California’s Proposition 32 would ban the current practice of deducting political contributions from employees’ paychecks without their express permission, referred to as paycheck protection. This is sending the state’s largest teachers union, the Califoria Teachers Association, into a tizzy according to Larry Sand, a retired teacher and president of the California Teachers Empowerment Network. He explains in the October issue of City Journal:

[P]ayroll deductions are the unions’ bread and butter. Every public-employee union in the state deducts money from members’ paychecks alongside the withholding for federal and state income taxes. Right now, the only way an employee can recoup the political portion of these dues is to “resign” from the union and ask for a rebate—an onerous process. Prop. 32 would turn the tables on union political fundraising, and so the unions have invested heavily in defeating it.

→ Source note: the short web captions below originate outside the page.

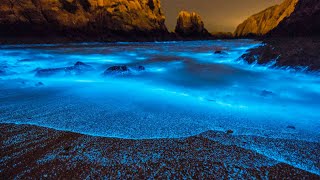 What Is Bioluminescence [upl. by Aver]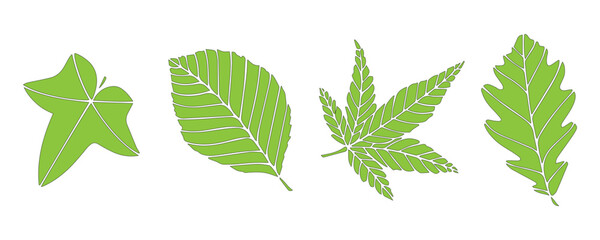 Set of various leaf silhouettes on white background © Suraiya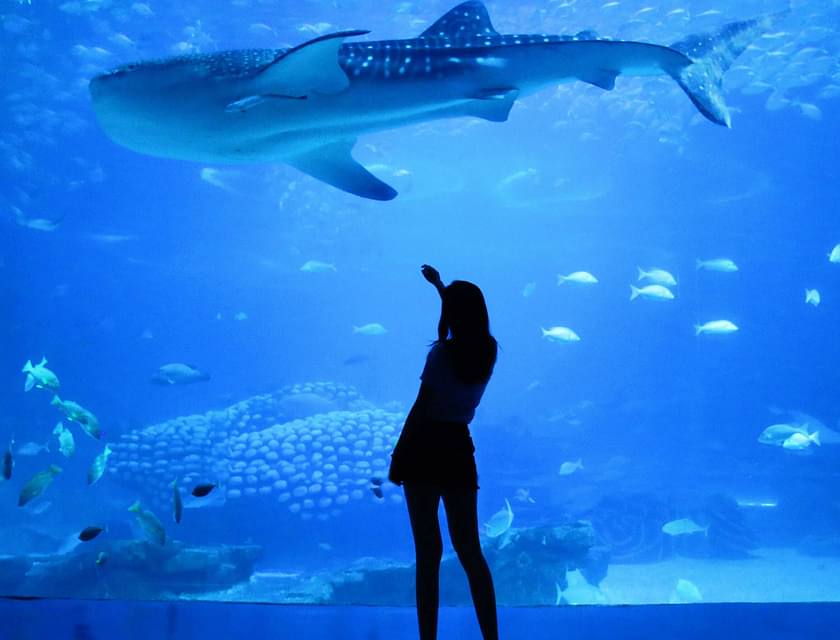 Aquariums Business Names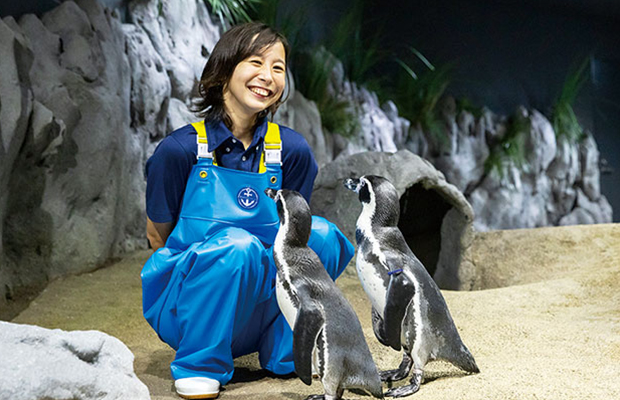 ペンギンの世話をする女性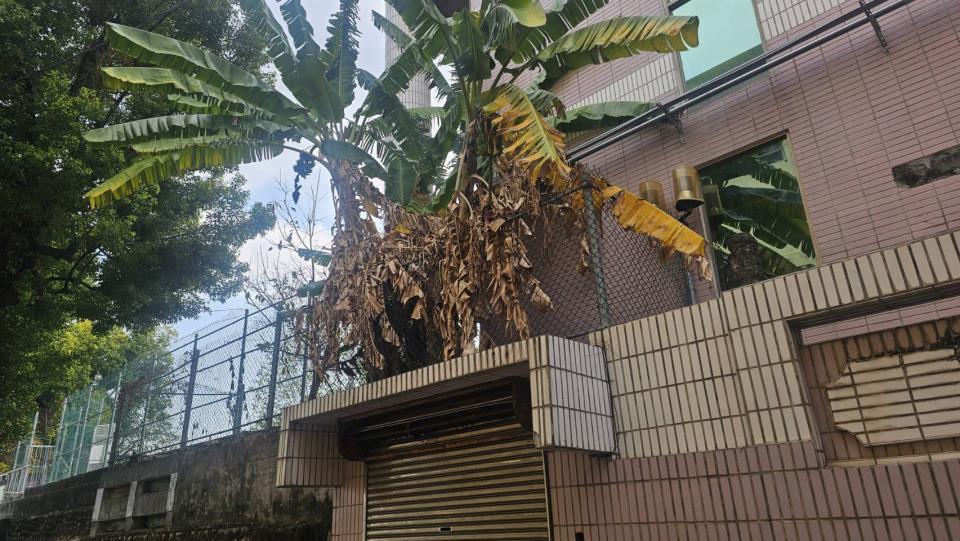 園藝維護案件圖片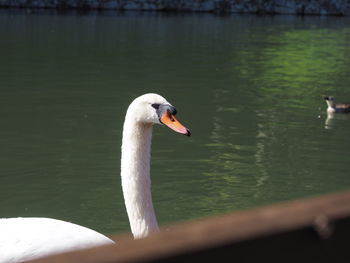 Swan floating on lake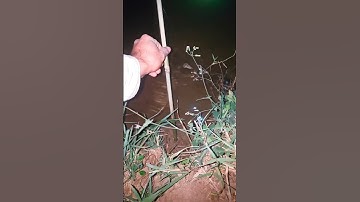 cấm câu cá lóc đêm #shorts #short #tieututieutu97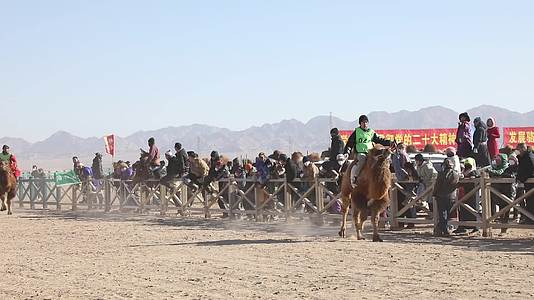 阿拉善那达慕大会骆驼比赛骆驼文化节少数民族文化视频的预览图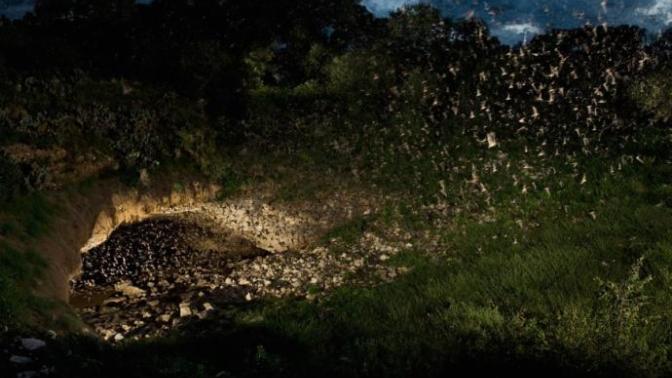 Would you want to visit the Bracken Bat Caves to watch the nightly emergence?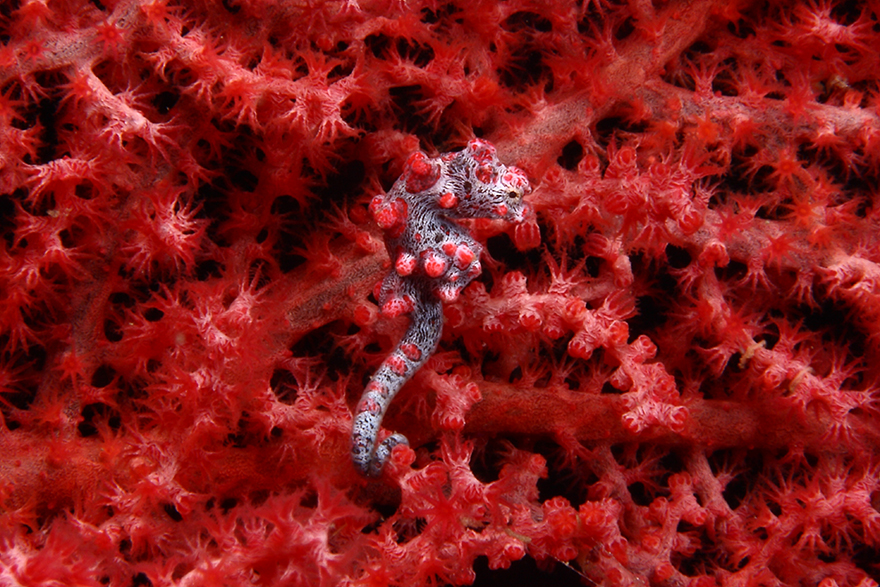 Meet the Strange Underwater Inhabitants of Indonesia’s Lembeh Strait ! Written by Kala                        Alexis-golding-indonesia-03-1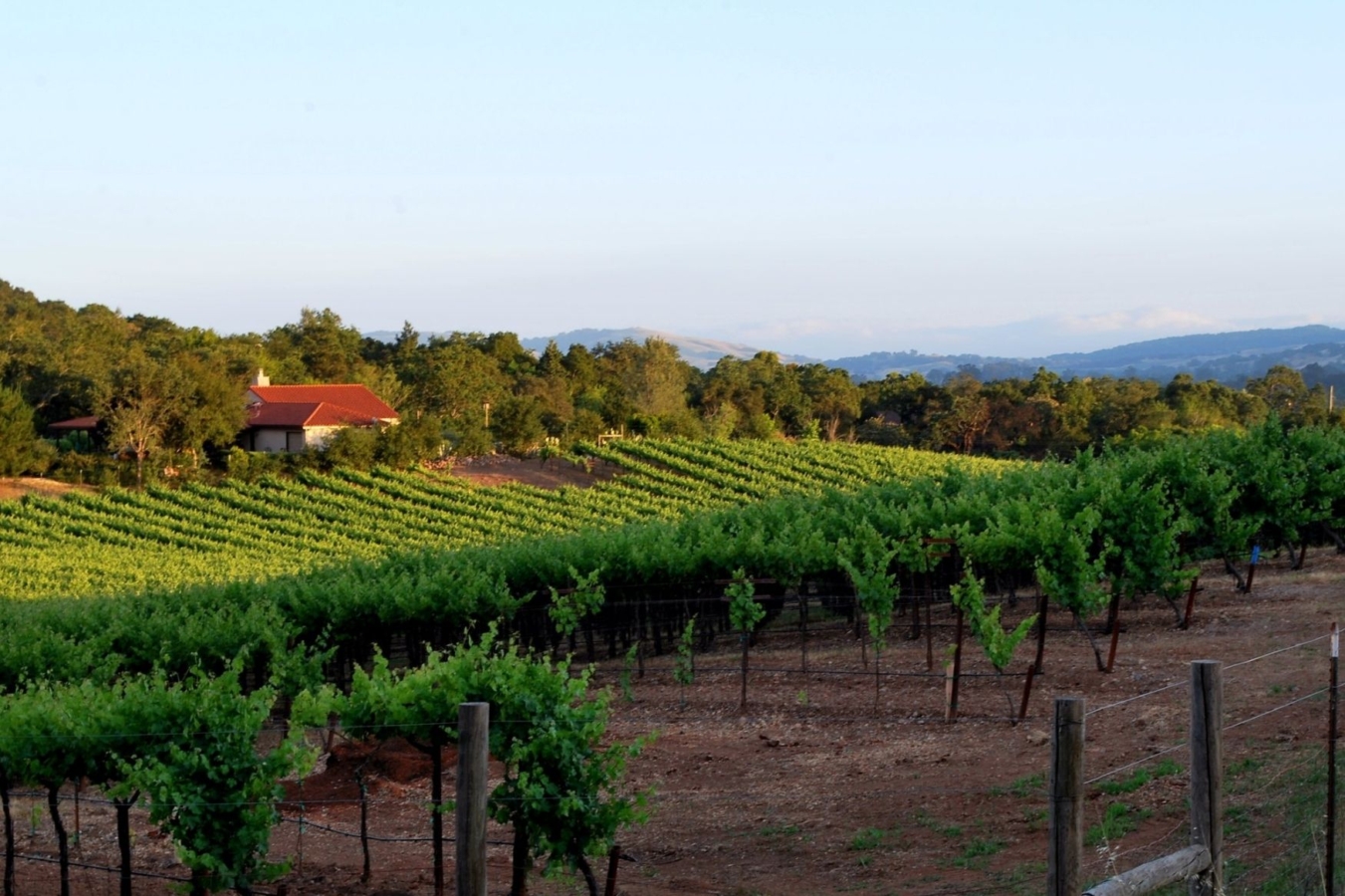 view of vineyard with house in background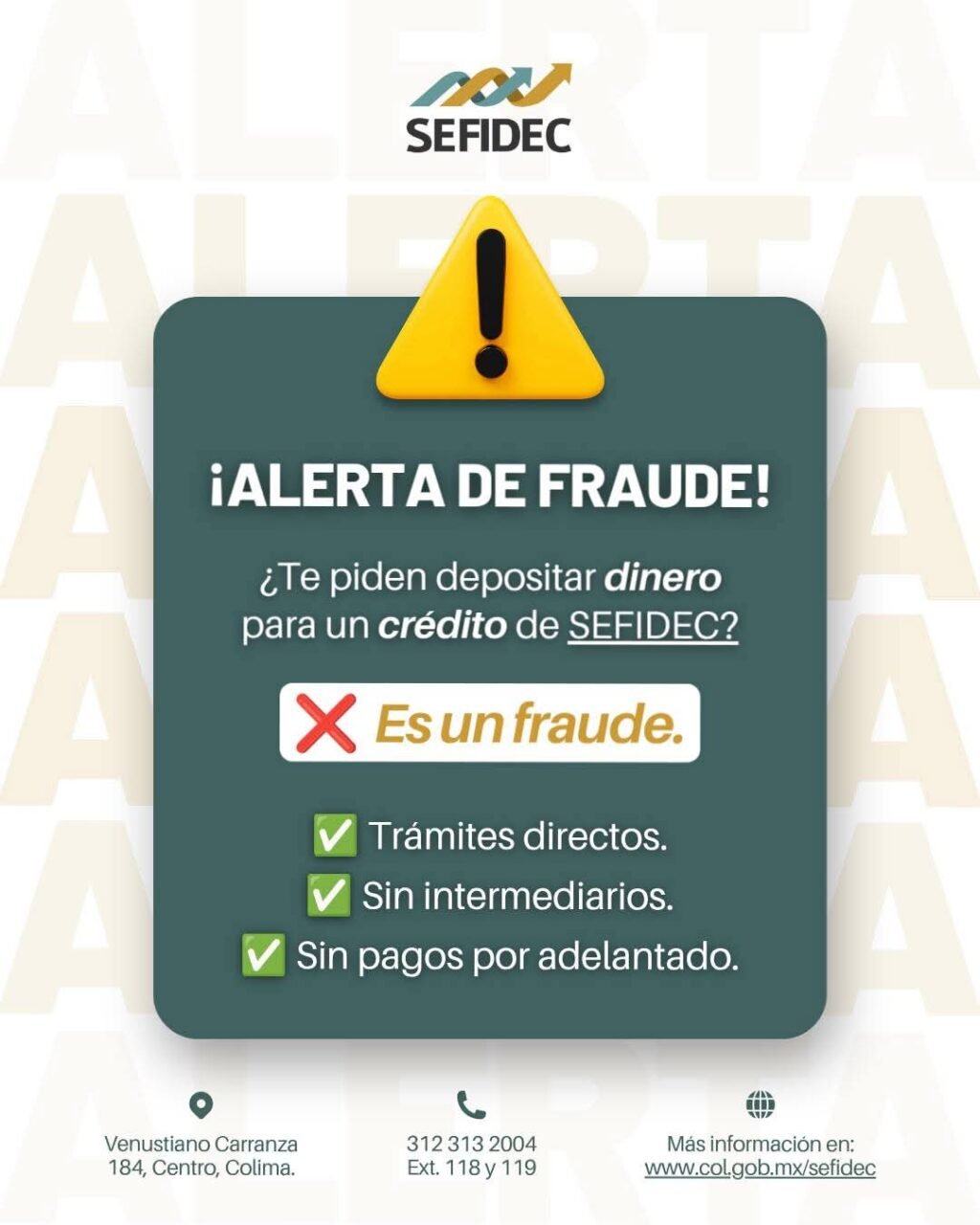 WhatsApp Image 2026-08-05 at 12.46.59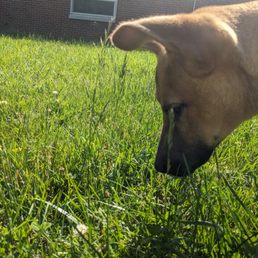She loves exploring on her walks with us She loves exploring on her walks with us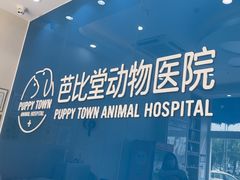 -芭比堂动物医院·CT·微创中心(新顺分院)
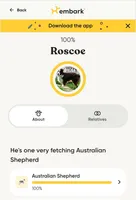 Roscoe, a male Australian Shepherd for sale in Wilton, CA – Photo 4 of 4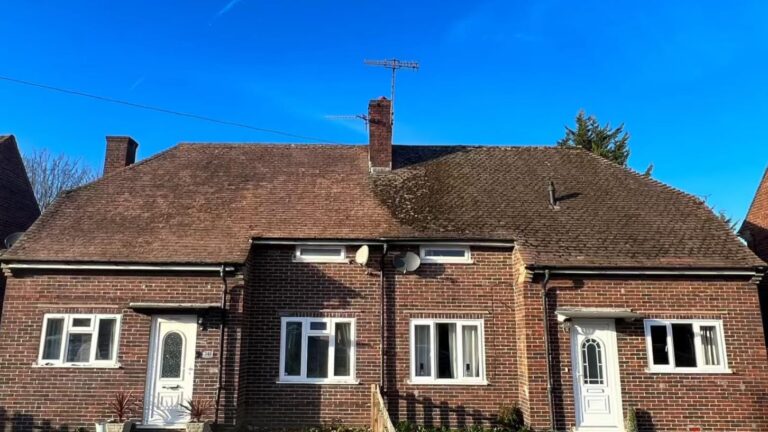 Roof cleaning service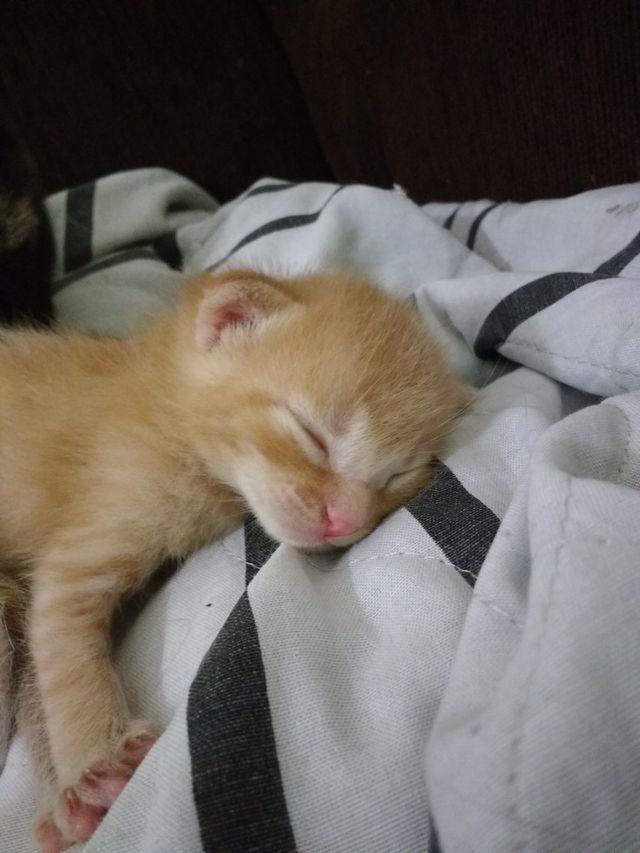 kitten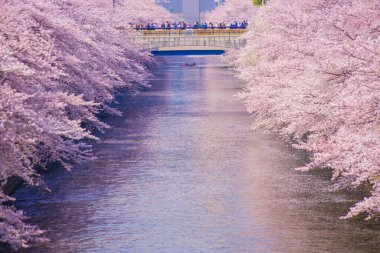 Meguro Nehri 'nde kiraz çiçekleri açar. Çekim yeri: Tokyo Meguro-ku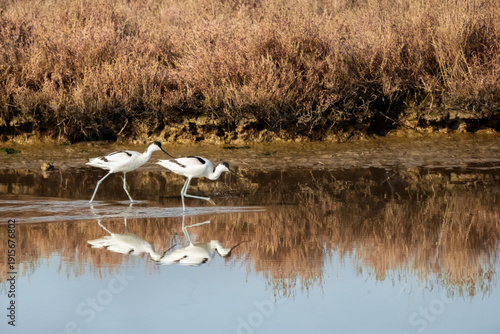 A pair of long-legged pied avocet or Recurvirostra avosetta bird male or female species feeds in water and mudflats, breeding or reproduction behavior, migratory and wintering on Evros Delta, Greece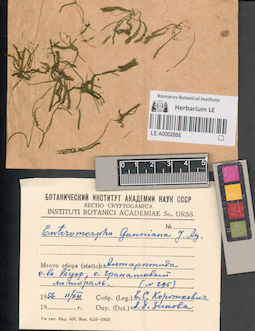 LE A0002868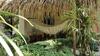 Apartamento Colibri Surf House & Flats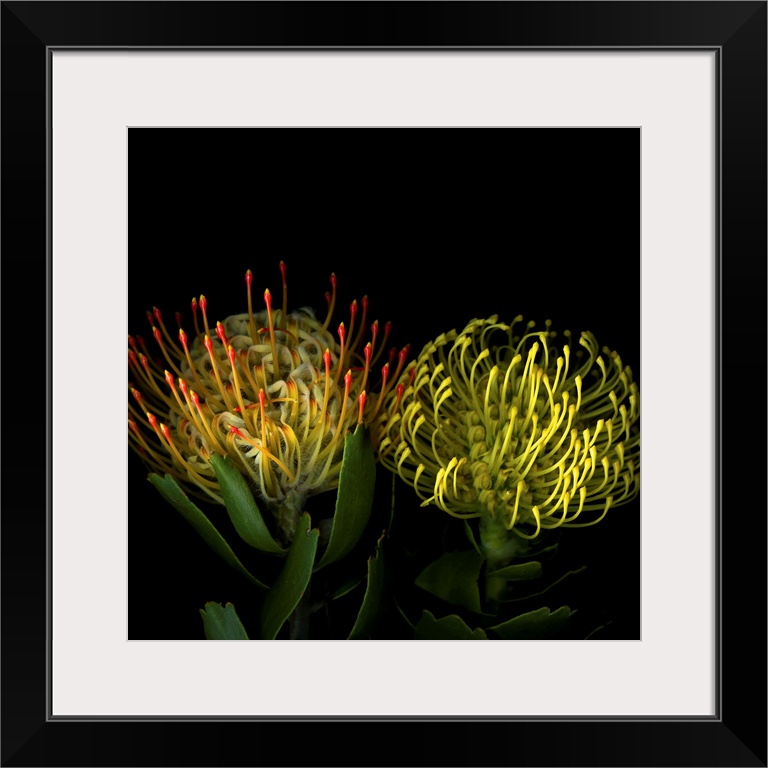 Two protea blossoms against a dark background.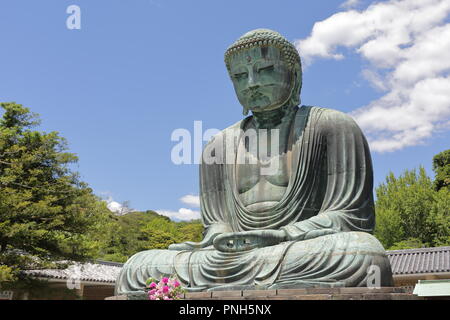 Der große Buddha von Kamakura in Kotokuin Tempel, Japan Stockfoto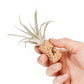 Magnetic Wine Corks with Assorted Tillandsia Air Plants - Set of 3, 6 or 9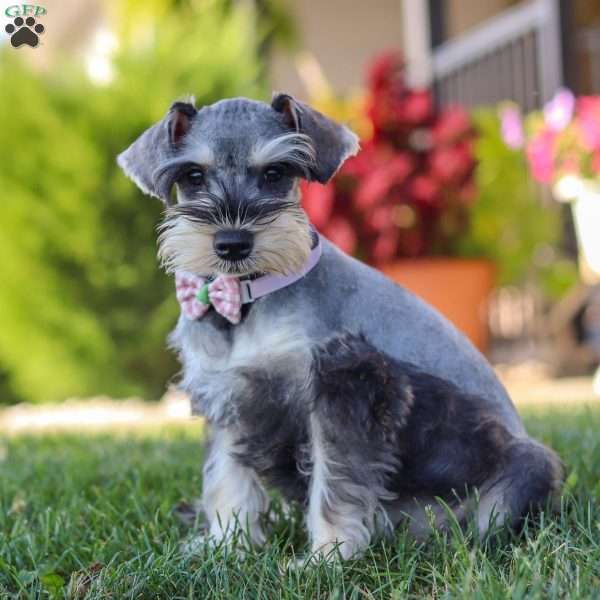 Janie, Miniature Schnauzer Puppy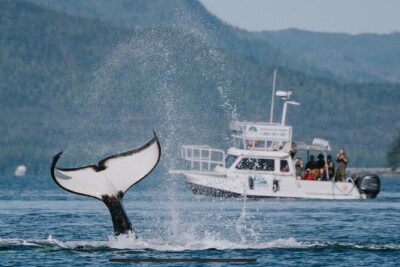 Orca Cove Sea Kayaking - Gear up right: double sea kayaks, spray gear, and dry-bag sanity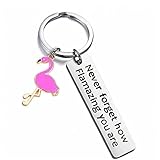 PiniceCore Keychain Keychain Vogel Liebhaber Schmuckgeschenk Sie Sind Für Familien-Tier-Liebhaber-Geschenk Für F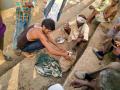 Fish harvesting by Changariya fishing cooperative, Mandla, Madhya Pradesh (Image: Foundation for Ecological Security)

So far, Prop. 32 opponents have outraised supporters by roughly five-to-one. As of September 24, the Prop. 32 campaign had raised about $9 million, while the opposition collected $41.3 million. Nearly $17 million of that total came directly from the CTA.

Previous attempts to pass versions of paycheck protection in California in 1998 and 2005 were defeated by virtually identical—and slim—margins, 53 percent to 47 percent. Sand explains:

How do teachers’ unions justify automatic deductions? Bob Chanin, then-general counsel of the National Education Association, explained it in 1978: “It is well-recognized that if you take away the mechanism of payroll deduction you won’t collect a penny from these people [teachers], and it has nothing to do with voluntary or involuntary. I think it has a lot to do with the nature of the beast, and the beasts who are our teachers. . . [They] simply don’t come up with the money regardless of the purpose.” What Chanin seemed to be saying is that teachers are too greedy, lazy, or unenlightened to know what’s good for them, so the union leadership should take members’ money and spend it as they see fit. …

How is a system fair in which union members’ dues flow, without their consent, to candidates and campaigns whose views they and other taxpayers may not share? And why should a worker have to take the initiative to avoid contributing to political causes deemed worthy by his union bosses? “To compel a man to furnish contributions of money for the propagation of opinions which he disbelieves,” Thomas Jefferson once declared, “is sinful and tyrannical.” Public-employee unions are the living embodiment of this practice.